Set the material down again exactly, line by line, skipping each picture.

■ **GIVEN MATERIAL**:
══════════

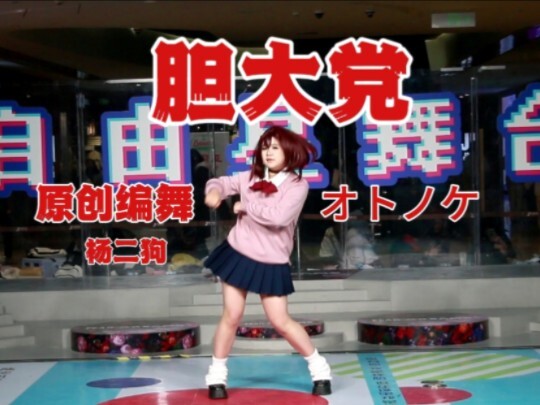 【原创编舞】绫濑桃跳胆大党op（オトノケ）—杨二狗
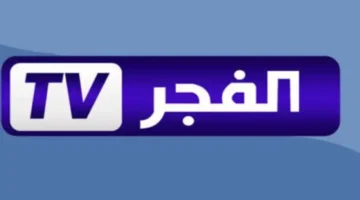 وداعًا لعقدة اللهجة.. تردد قناة الفجر الجزائرية 2025 لمتابعة أضخم المسلسلات الجزائرية بوضوح تام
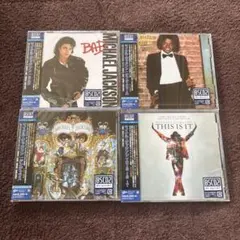 マイケル・ジャクソン 完全生産限定盤 紙ジャケットCD 4枚セット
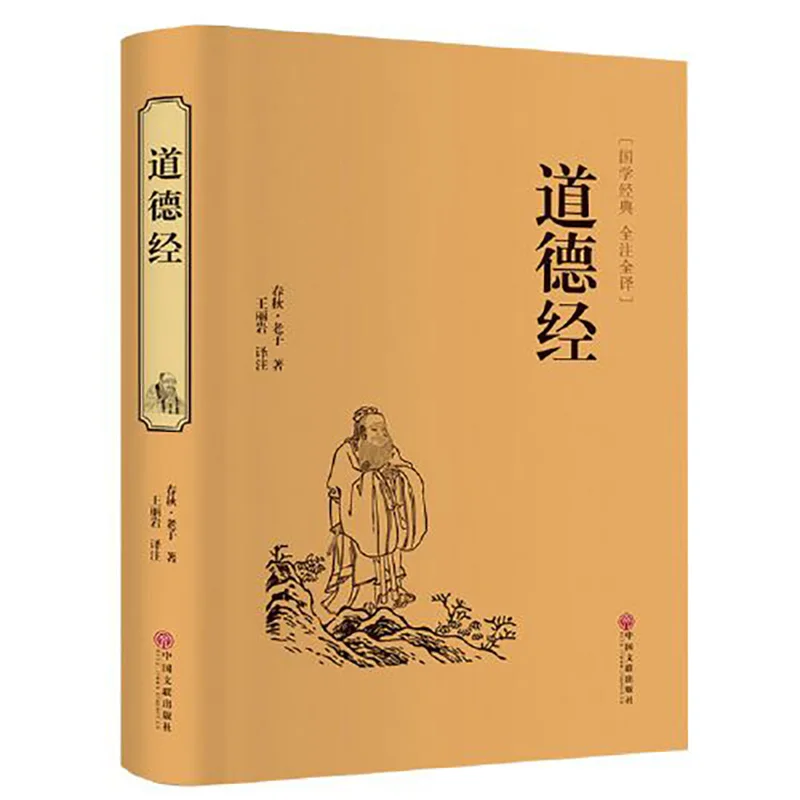 

Tao Te Ching, Laozi's Classic of Chinese Philosophy and Taoist Books Libros Livros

══════════

■ **REPLY TO THE EXERCISE**:
 【原创编舞】绫濑桃跳胆大党op（オトノケ）—杨二狗
 وداعًا لعقدة اللهجة.. تردد قناة الفجر الجزائرية 2025 لمتابعة أضخم المسلسلات الجزائرية بوضوح تام
 マイケル・ジャクソン 完全生産限定盤 紙ジャケットCD 4枚セット

Tao Te Ching, Laozi's Classic of Chinese Philosophy and Taoist Books Libros Livros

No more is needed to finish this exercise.